Perhaps the misperception is partly due to the way some scientists talk as though explaining how something works reduces it to the entirely comprehensible and mundane. We can describe the inner structure and workings of the atom, so what else is there to explain? It's no longer a mystery.
Yet the very existence of the atom is itself a mystery. That such complexity occurs at such a minute level is awe-inspiring. That human beings have, over the centuries, found ways to discover so much about the atom is also awesome.
In some ways it's easier to see how scientists, rather than artists, could find themselves 'standing rapt in awe'. I've heard mathematicians talk excitedly about 'beautiful equations' without any hint of sarcasm. Surely Einstein was right about the mysterious being the source of all science.
But was he right about it inspiring all art? What does he mean by 'true art'? For Einstein, true art comes from a beautiful experience related to a mystery that arouses awe and wonder. By that definition, the 'art' that I saw at MoMA in Hobart last year – pictures of mutilated bodies, twisted metal, rows of plaster casts of the female vulva - was not 'true art'. If anything, the exhibits seemed to arise more from the shock of revulsion and horror than the beauty of mystery. There was a mystery involved in some of the works but it could hardly be described as a beautiful experience, for the artist or the viewer.

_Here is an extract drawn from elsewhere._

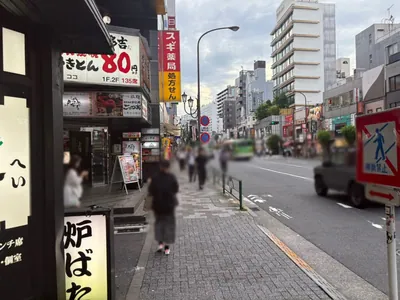 クラブジーへの道順 6／7：左手二つ目の路地を左折します。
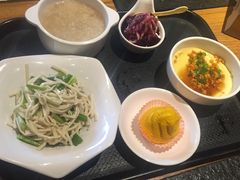 -小城粥道·海胆鲜虾粥(解放广场店)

But at least the artists were still sensitive to what they were seeing. More worrying are those who meet Einstein's description of people who are as good as dead, who experience no sense of awe in the face of all that surrounds them. The evening news, the night sky and a forest walk leave them equally unmoved. They have no curiosity about the workings of an ant colony, or the way in which a baby becomes a walking, talking child. A new gadget or technology might momentarily inspire some curiosity and awe, but it quickly becomes passe.
I read an article recently about this phenomenon - gadgets that perform feats that once would have staggered us rapidly become part of our normal, unnoticed life and we only complain of what they fail to do. I must admit to having fallen into this trap myself. My sense of awe and wonder is badly out of practice. I take so much for granted. Here I am writing on a laptop-sized computer, using a web-based 'paper' whose characteristics I can change on a whim, with music streaming from a site thousands of miles away, and I'm not even noticing it. None of these things would have been possible when I was a child, or even twenty years ago.
Perhaps part of the problem is not leaving enough time in each day to notice what is around me or think about what I'm seeing, hearing and reading. It's very easy to flit from one activity to another. With so much available, the risk of 'missing' something makes it very tempting to consume without thinking or really experiencing any of it.
Einstein spoke about pausing and standing. Surely that's integral to experiencing the beauty of mystery. In my own experience, those awe-inspiring moments often come after looking at something for a while without really seeing. I must have looked at the garden every day for years before I consciously noticed how amazingly different every plant is. The Grand Canyon might produce an instant "wow!" effect, but the furrows in the bark of a tree or the creases in an older person's face are also mysterious and beautiful, once you take time to really look at them.